Romero Jucá, a eminência parda da "ditadura da mentira"
No dia 12 de outubro de 1976, na missa de corpo presente do Pe. João Bosco Burnier, morto por policiais militares no Mato Grosso, D. Fernando, Arcebispo de Goiânia, na catedral lotada bradou: "Estamos cansados desta Ditadura da Mentira!" Estávamos em plena Ditadura Militar e D. Fernando aludia a uma ditadura não menos cruel que a militar. Filha desta, a ditadura da mentira fere o povo por dentro. De fato, inviabilizada a Ditadura Militar, para dar continuidade ao processo político, as elites escolheram José Sarney, ex-presidente da ARENA, partido que dava aparência de legitimidade aos ditadores. E Sarney escolheu Romero Jucá para dar continuidade à política indigenista dos militares.
Em dezembro passado, tão logo ficou evidente que os índios haviam vencido a questão Raposa Serra do Sol no Supremo Tribunal Federal, Romero Jucá apressou-se em buscar, junto ao Presidente da República, indenização para os 5 fazendeiros invasores. Jucá mais do que ninguém sabe como eles ocuparam aquelas terras e conhece a legislação indigenista sabendo que não cabe indenização alguma para invasores conscientes. Pior, agora estamos sendo informados pela mídia que o Presidente Lula atendeu com generosidade desproporcional o pedido deJucá. Transferiu 6 milhões de hectares de terras da União para o Estado, ou seja, 25% do território de Roraima, inclusive, "terras daFUNAI", expressão usada pela "Ditadura da Mentira" para camuflar terras que são de posse dos índios. Uma agressão à razão. Foi essa "farra" e não "Raposa Serra do Sol" que esses "ditadores da mentira"queriam. Pode nosso presidente Lula participar de tal "maracutaia"?
Tramita, também, na Câmara Federal o projeto lei 1.610/96 da autoria de Jucá que visa regulamentar a mineração nas terras indígenas. Projeto de lei que atropela direitos constitucionais dos povos indígenas. Mais, como presidente da FUNAI em 18-05-87 assinou a Portaria DNPM/01/87, que autorizaria a exploração de minério em áreas indígenas, não fosse rejeitada.
De tão viciado nesta "ditadura da mentira" o senador Jucá, talvez, já nem consiga mais sentir o sofrimento que uma autoridade causa quando se prevalece de mentiras e perseguições para impor os interesses de seus apaniguados.

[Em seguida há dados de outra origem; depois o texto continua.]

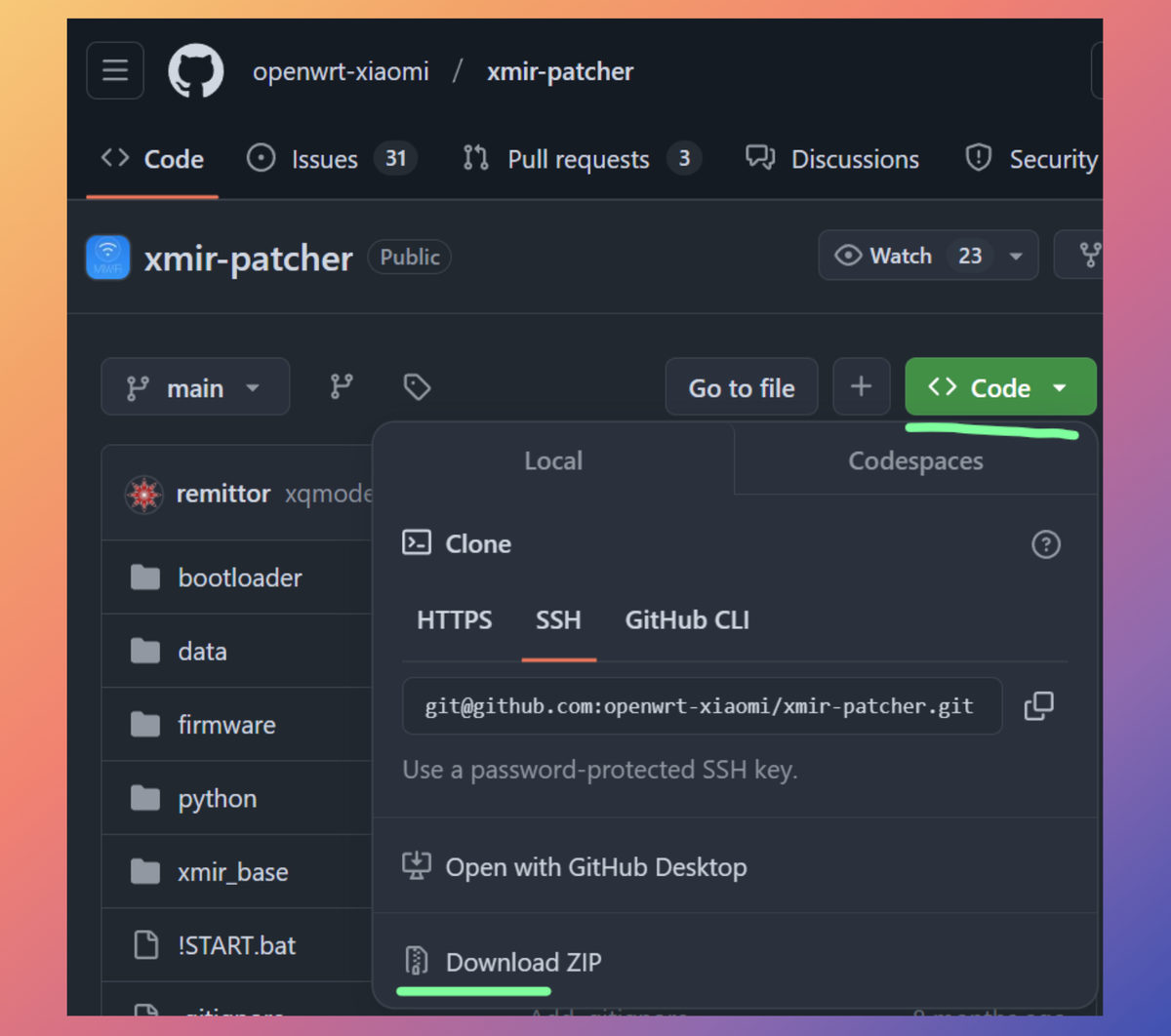Скачиваем XMiR-Patcher с Github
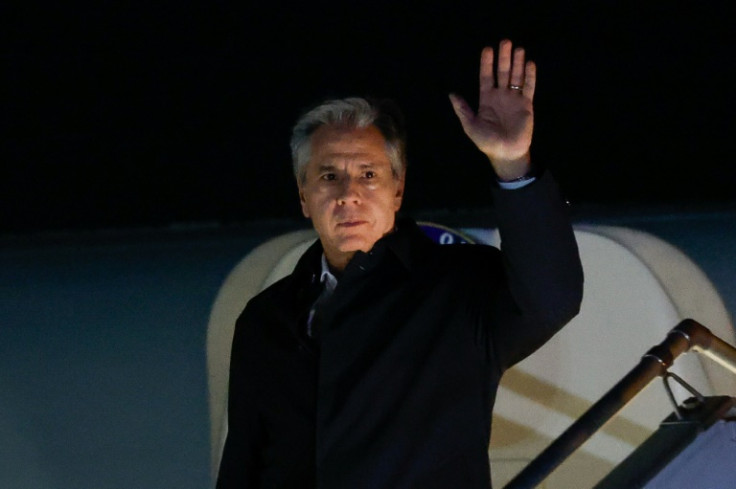 US Secretary of State Antony Blinken arrives in Amman on January 6, 2024, as part of the first leg of a trip that includes visits to both Israel and West Bank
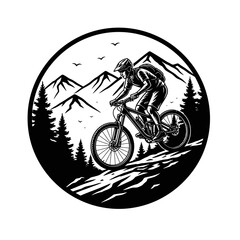 silhouette of a cyclist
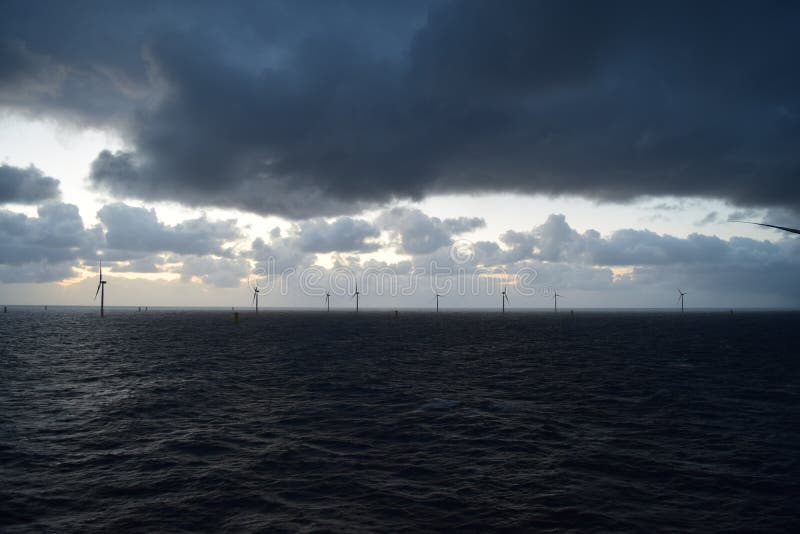 WindfarmNoordzee 2019 royalty-vrije stock fotografie WindfarmNoordzee 2019 royalty-vrije stock fotografie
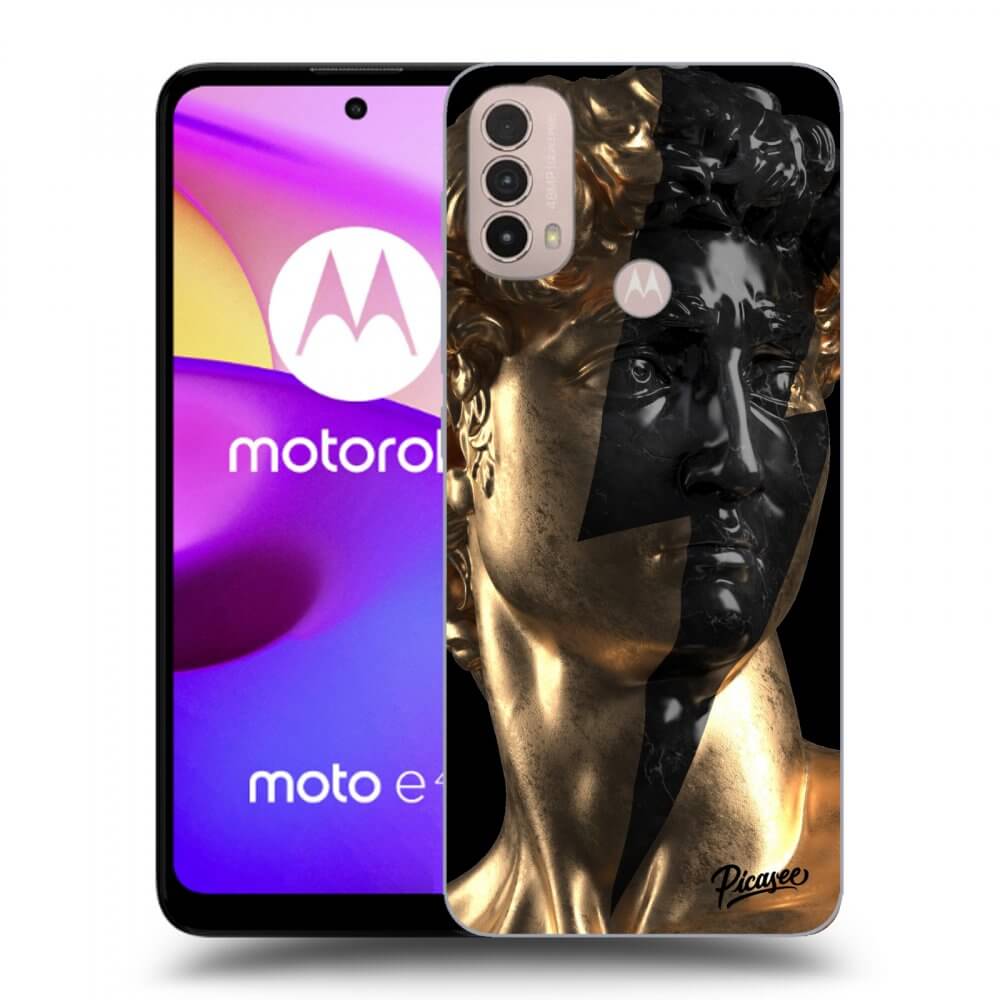 Picasee Motorola Moto E40 Hülle - Schwarzes Silikon - Wildfire - Gold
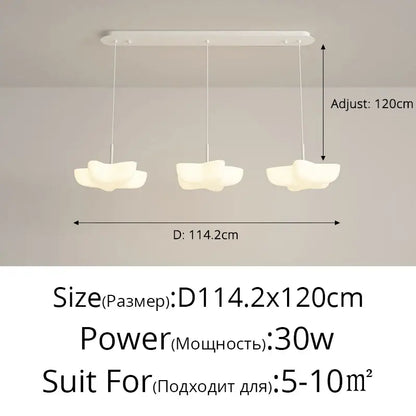 Modern cloud white floating pendant light with three cloud-shaped shades for dining room decorbites pendant light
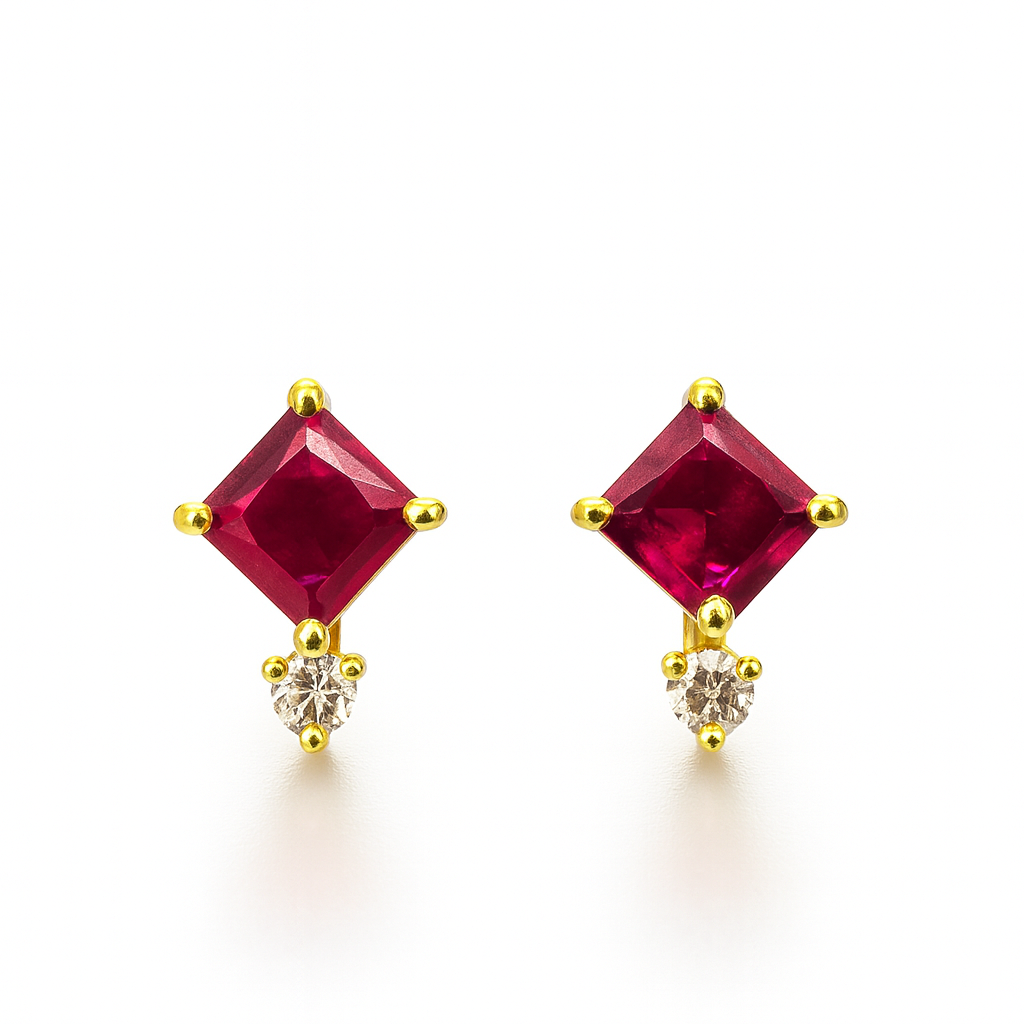 Ruby Stud Earrings – 18K Gold Plated Princess Cut with Zircon Accent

Toda a ditadura tem os seus programadores, seus protagonistas e os seus carrascos. Para refrescar a memória, recordemos alguns fatos ilustrativos de um passado recente, que nos fez sofrer: índios, indigenistas, pesquisadores e movimento popular. Um dos carrascos para a execução da política indigenista dos militares nos anos 70 chamava-se Sebastião Amâncio da Costa. A sua biografia, como executor de ordens cruéis da Ditadura Militar contra os índios e indigenistas, é exemplar. Em janeiro de 1975 foi nomeado para substituir Gilberto Pinto, morto pelos índios Waimiri-Atroari, quando na direção do Núcleo de Apôio Waimiri-Atroari. No dia seguinte declarou aos jornais:
"Os Waimiri-Atroari precisam de uma lição: aprender que fizeram uma coisa errada. Vou usar mão de ferro contra eles. Os chefes serão punidos e, se possível, deportados para bem longe de suas terras e gente. Assim, aprenderão que não é certo massacrar civilizados. Irei com uma patrulha do Exército até uma aldeia dos índios e lá, em frente a todos, darei uma bela demonstração de nosso poderio. Despejaremos rajadas de metralhadoras nas árvores, explodiremos granadas e faremos muito barulho, sem ferir ninguém, até que os Waimiri-Atroari se convençam de que nós temos mais força do que eles" (O Globo – 5-1-75), ou seja, exatamente, o que determinaram o Comando Militar da Amazônia e a FUNAI em reunião, dois meses antes, novembro de 1974, no quartel do Abonari, km 200 da BR-174, como se lê no Ofício 042 de 11-11-74: "esse Comando, caso haja visitas dos índios, realize pequenas demonstrações de força, mostrando aos mesmos os efeitos de uma rajada de metralhadora, de granadas defensivas e da destruição pelo uso dodinamite".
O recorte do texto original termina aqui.